Single source feeding multiple destinations without reingesting


Exploring the possibility of using a single source to feed data to multiple destinations without the need to reingest for each destination.


hey is it possible to have a single source that feeds multiple destinations?
without having to reingest for every destination

This topic has been created from a Slack thread to give it more visibility.
It will be on Read-Only mode here. Click here if you want to access the original thread.

Join the conversation on Slack

["single-source", "multiple-destinations", "reingest", "data-integration"]
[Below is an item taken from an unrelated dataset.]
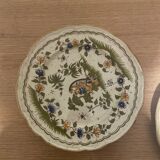 Old Moustiers Plate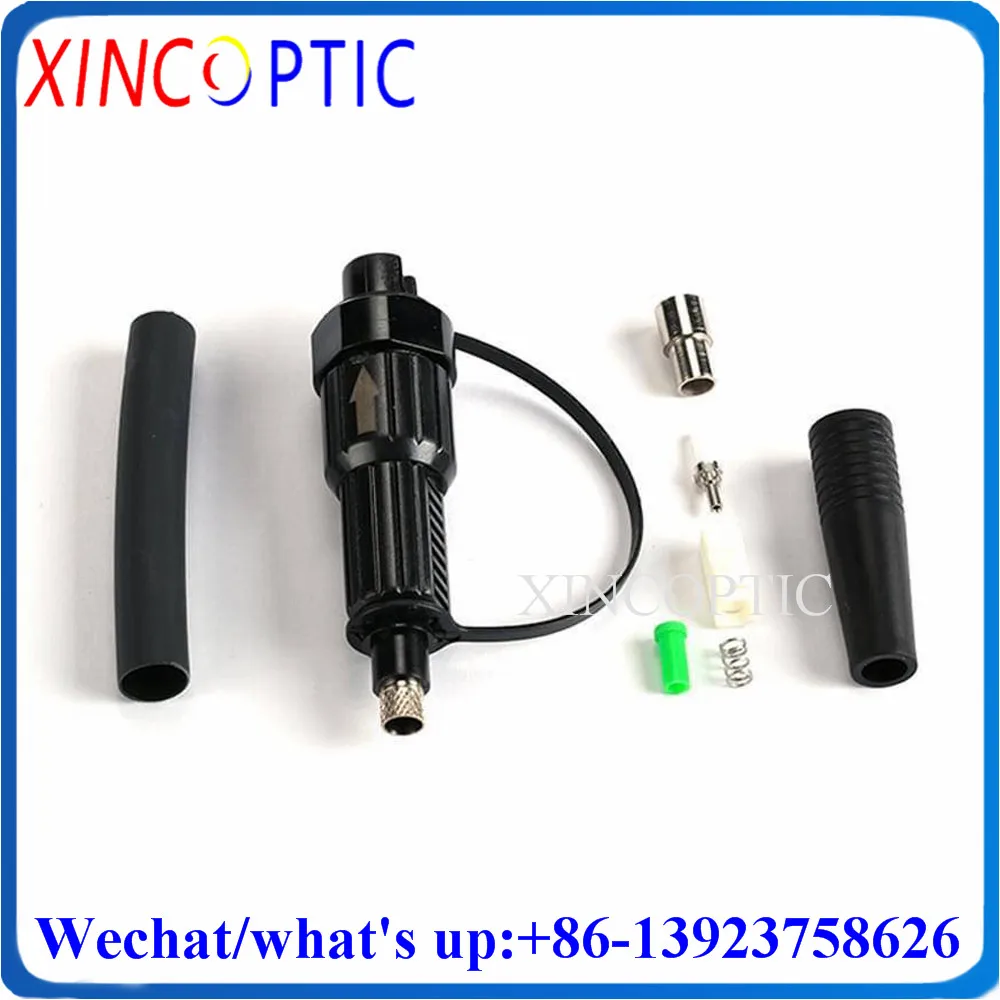 IP67 Huawei Corning Mini Waterproof Outdoor Fiber Optic Corning Empty Connector with Ferrule OptiTap Fiber Optic Jumper Adaptor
without having to reingest for every destination
Hiya :wave: What are you trying to avoid by not re-ingesting per destination? Is the issue that the load on pulling the data from your source multiple times is expensive?
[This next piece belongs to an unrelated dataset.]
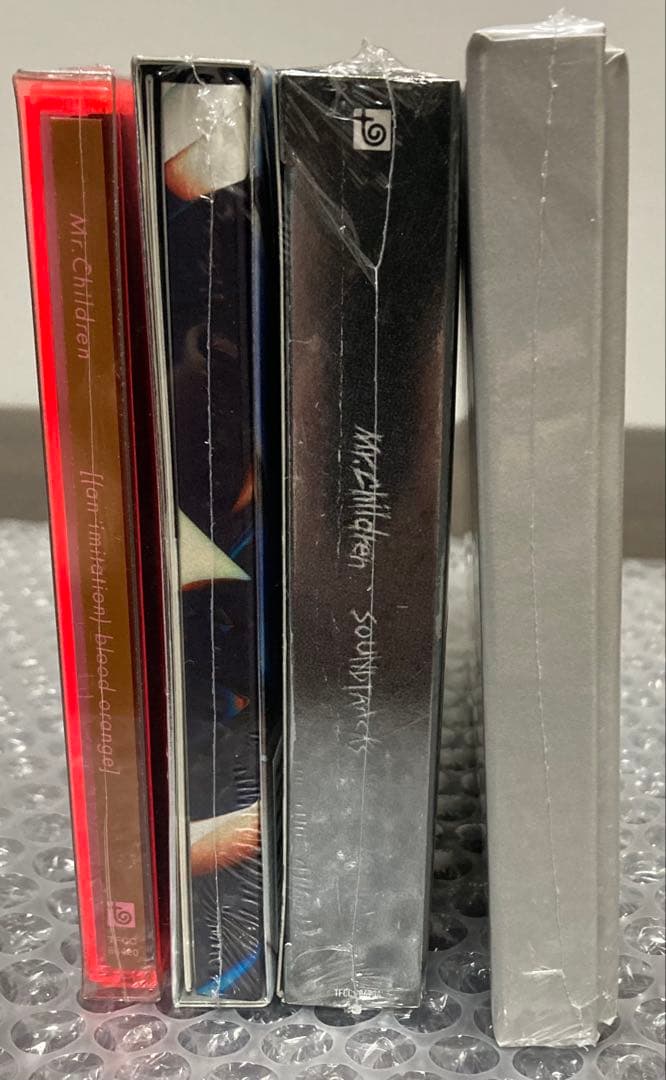 Mr.Children アルバム4枚セット ※未開封品、特典付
yes. I want to avoid ingesting the same source separately for each workflow
it would be great to ingest from the src and run multiple destination connectors

for now, I am using intermediate storage. but ideally, we would like to avoid this since the raw data isnt needed after processing

> avoid ingesting the same source separately
i think i’m asking something slightly more specific. can yo tell me why want to avoid ingesting the same source separately? Here are some example reasons:

  1. it puts a lot of load on my database to extract data from it, so i want to do it as infrequently as possible
  2. my data is ephemeral so i’d like to make sure i only have to pull it once.
  3. etc…

would you be able to clarify at that level of specificity, please?

we have some data sources that are used to hydrate other data sources
we’re currently storing this data in an intermediate DBs
the data is used by multiple downstream workflows which means we have to scale up read replicas
there is the added complexity of TTLs, replication latency, etc

one alternative we have is to write to use kafka as a generic storage platform to let downstream users ingest at their pace
but there is an eng cost

i was curious if there was a way to do this further upstream in airbyte which could simplify this process

awesome! super helpful. thanks for sharing. this definitely not something we support natively now (outside of how you’re suggesting doing it by using an intermediate data store). it’s something we will address, but it’s probably not something we’re going to hit in the first half of the year since there is a workaround.

thanks for letting me know
is there an open proposal or issue i can follow?